I believe that these people suffer so that we can remember how lucky we are, and not take advantage of one second of our blessings. I believe they have been dealt that nasty card so that we never forget how fortunate we are. I wish no one had to do that for us. It is a cruel reminder but sometimes it's the only way I can explain how God works.
Many times over the past few days, reading about so many families who have suffered loss...I have cried and asked why. No matter how I try to explain it, I don't understand the lesson in losing a child, or having a child suffer. And then I go to my sleeping baby. Look at him. Touch his cheek. And I remember these families. I pray for them and for us.
Here are a few of the sites that I have visited recently who need your prayers...whether it be for something that just happened yesterday or two years ago...
Pray for Jessica's son over at The Russo Corner.
Pray that Kelly's baby daughter continues to fight her illness over at Kelly's Corner.
I was up till 1 a.m. reading Angie's story at Bring the Rain on Friday night. I cried. And cried. And cried some more. Pray for her family that they will continue to heal with each day.
Pray for Adrienne, who has endured what I don't think I possibly could.

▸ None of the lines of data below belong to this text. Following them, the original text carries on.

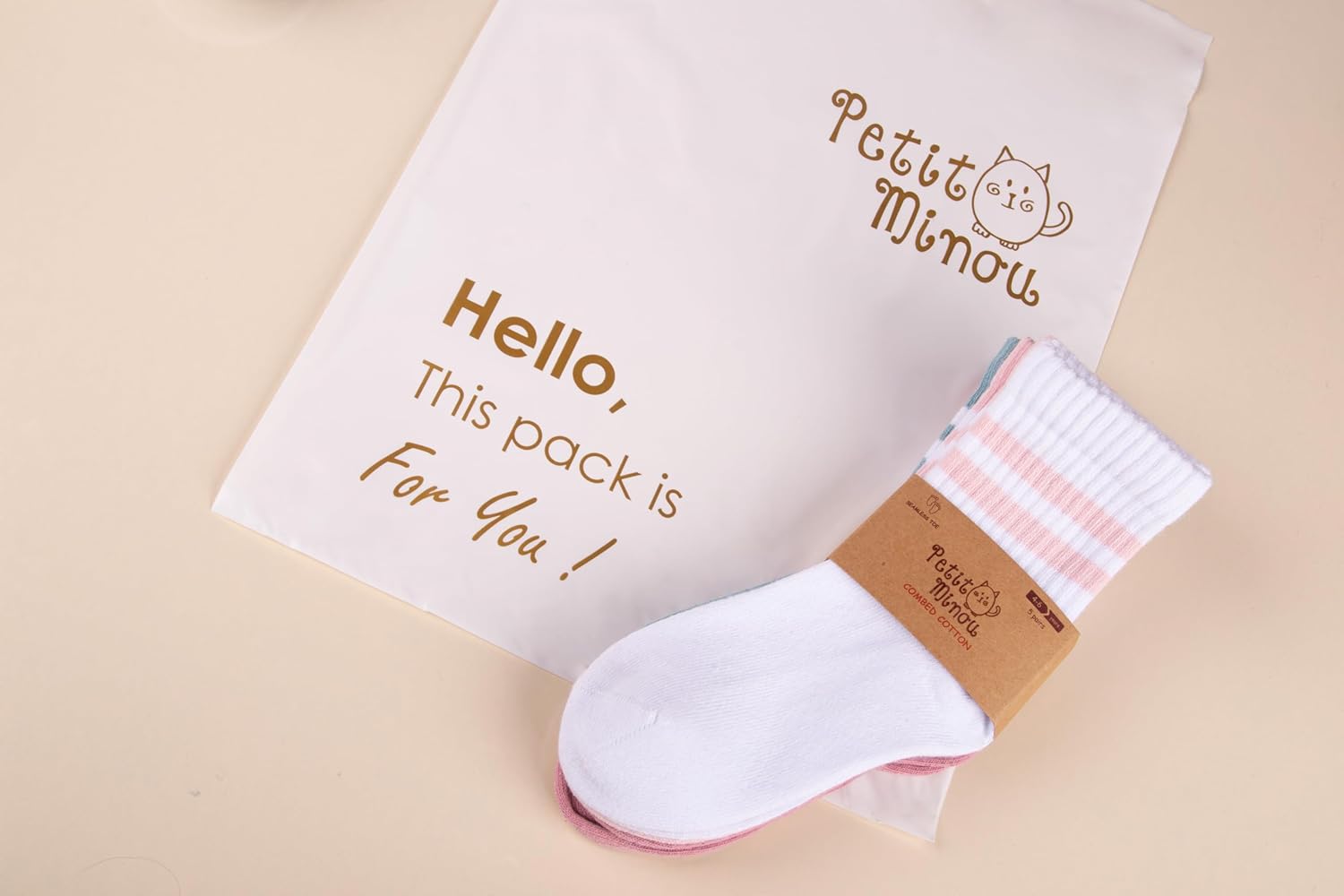 Noodle Kids Seamless-Toe Turkish Cotton Crew Socks (5-Pack) - Image 8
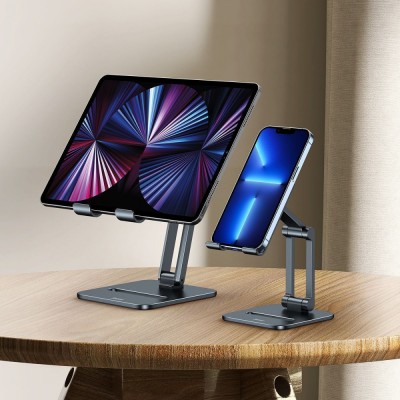 Підставка для планшету Baseus Desktop Biaxial Foldable Metal Stand (LUSZ000113) Gray
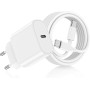 Cargador Carga Rapida para iPhone 16/16 Pro/16 Pro Max/16 Plus/15/15 Pro/15 Pro Max/15 Plus/iPad/iPad Air, 20W USBC Charger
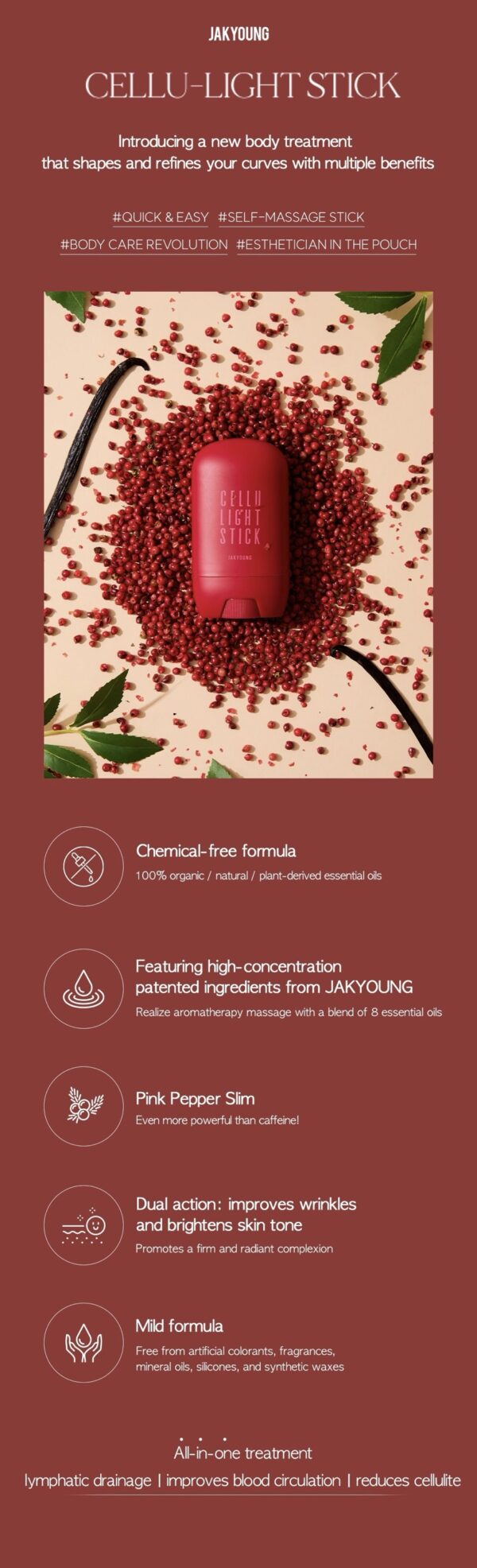 JAKYOUNG Cellu Light Stick 50g - Image 9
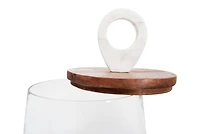 Hello Honey® 15" Round Clear Glass Jar with Lid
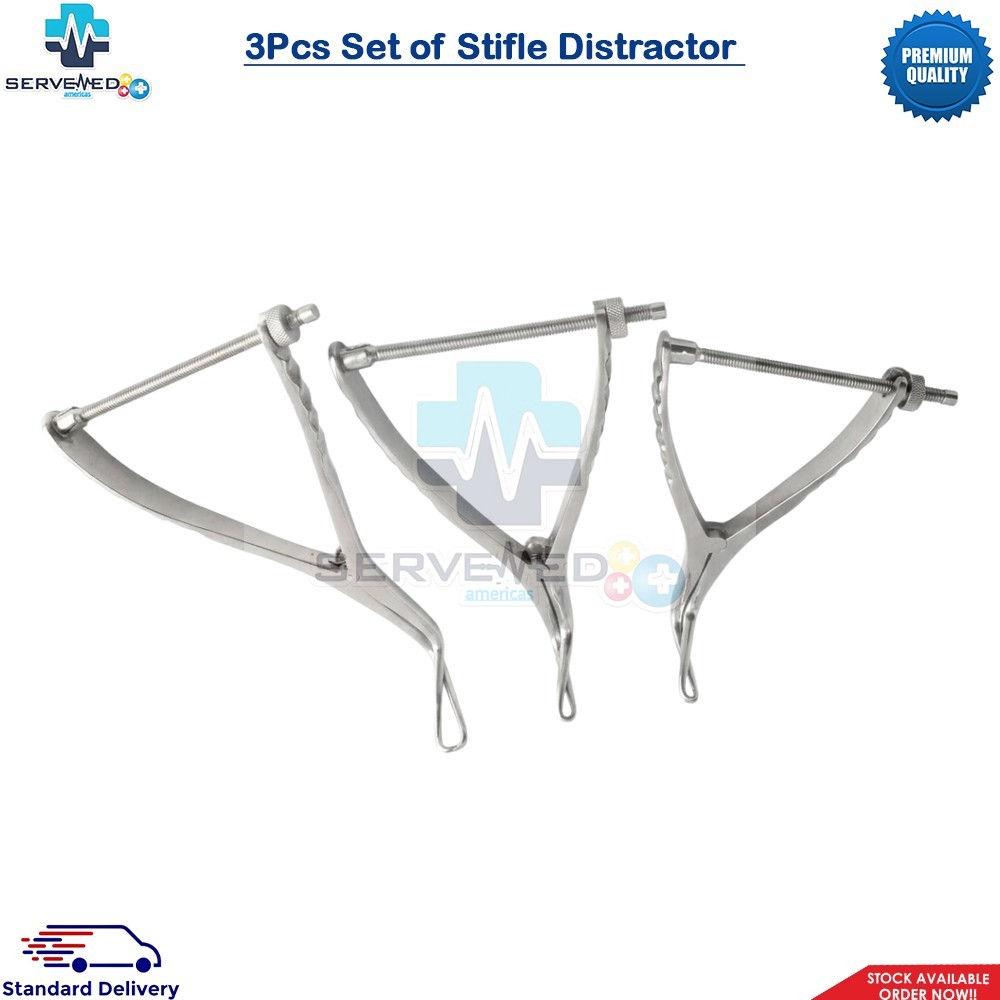 3Pcs Set of Stifle Distractor with Spinlock 15cm,19cm,21cm orthopedic Instrument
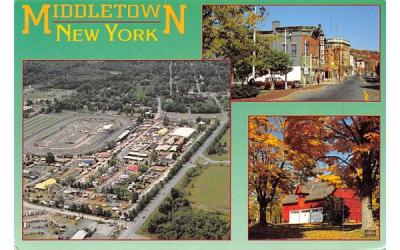 Downtown Looking from North Street Middletown, New York Postcard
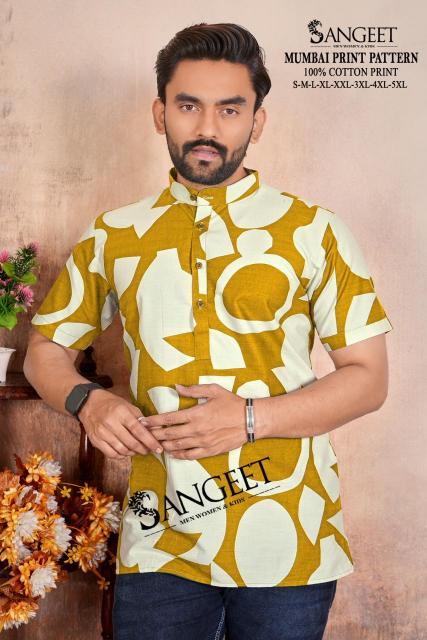 Sangeet Mumbai Print Pattern catalog mens shirt branded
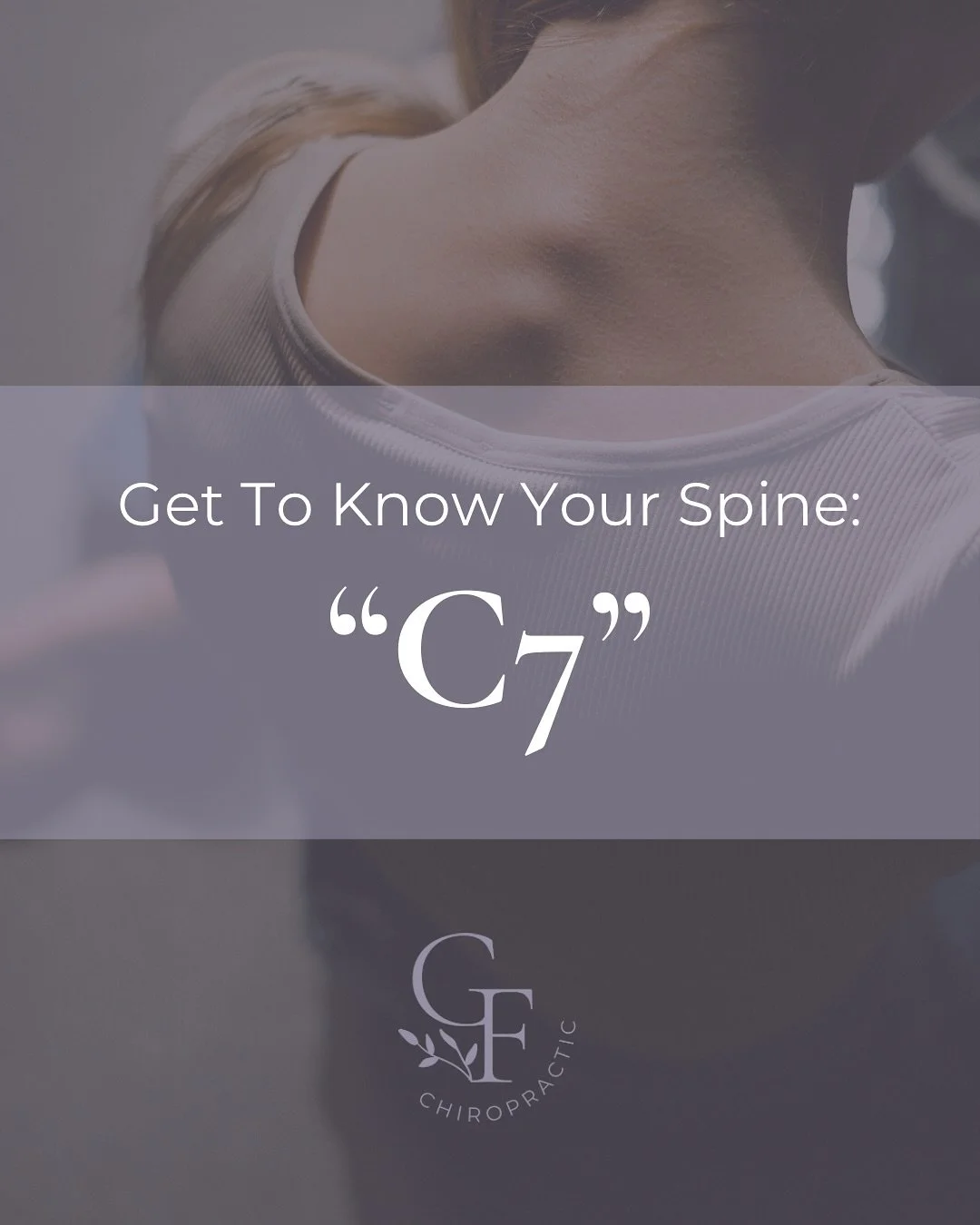 🦴✨ C7: The Backbone of Power &amp; Balance ✨🦴

The C7 vertebra&mdash;often called the &ldquo;vertebral prominens&rdquo;&mdash;is a landmark you can feel at the base of your neck. But beneath that bony ridge, it shields two major players: the C7 &am
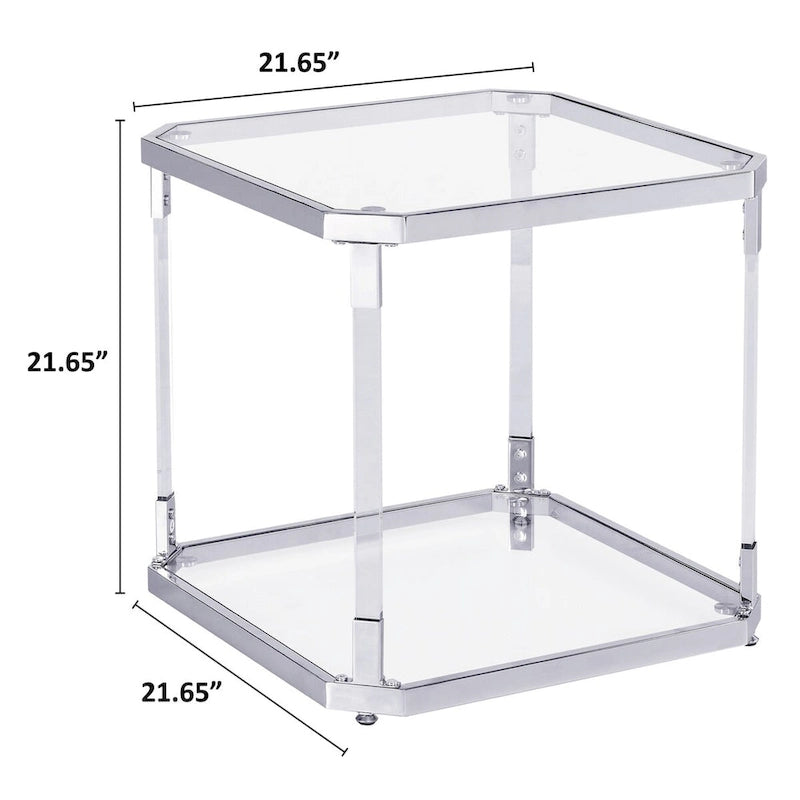 Glas-Beistelltisch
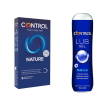 control nature 6 pz + lub gel 1 pz set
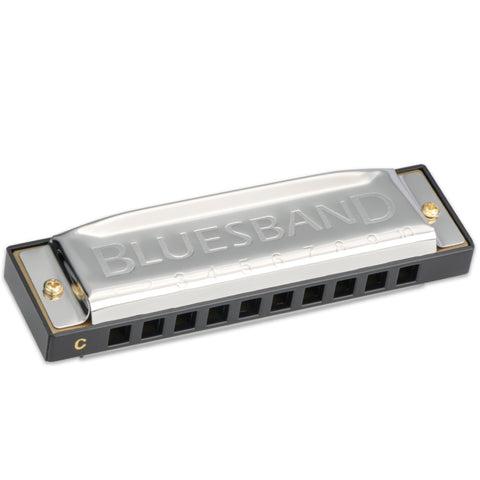 Hohner Bluesband Harmonica Chrome Key of C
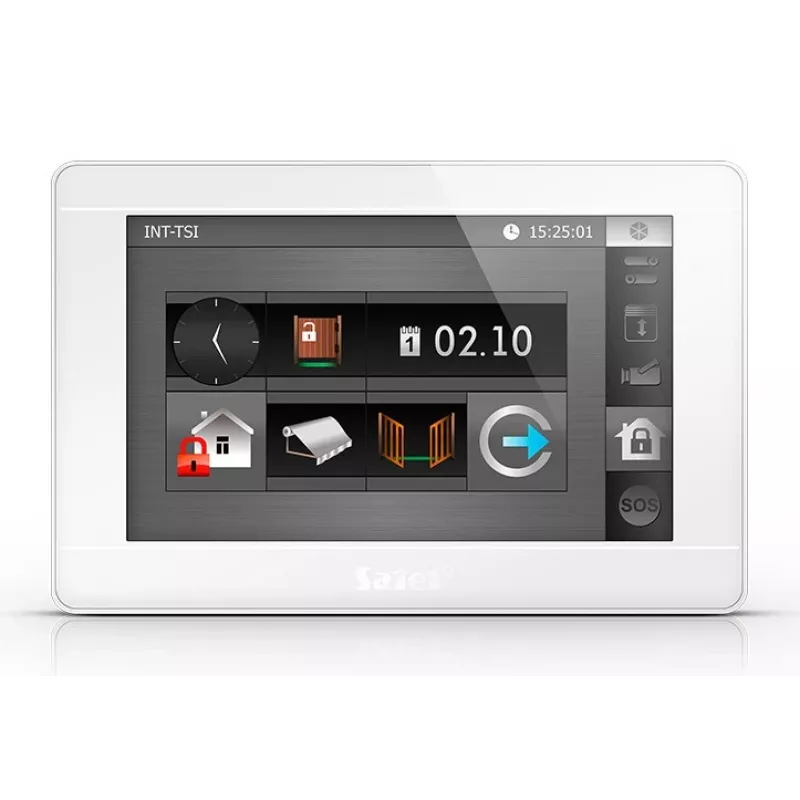 SATEL KEYPAD INT-TSI-W GRAPHIC 7 INCH (WIT)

For Jessica, who lost her daughter this past Friday. She was only two months older than my son. I don't know how to deal with this. I don't know how.
I am humbled. So quickly it can be gone.
Life is so precious.
My heart hurts tonight.
I am going to go kiss my sleeping child, snuggle next to my husband and say a prayer.
I am so thankful. For the good and what the bad teaches us.
If you know someone that needs prayers, post a link in your comments.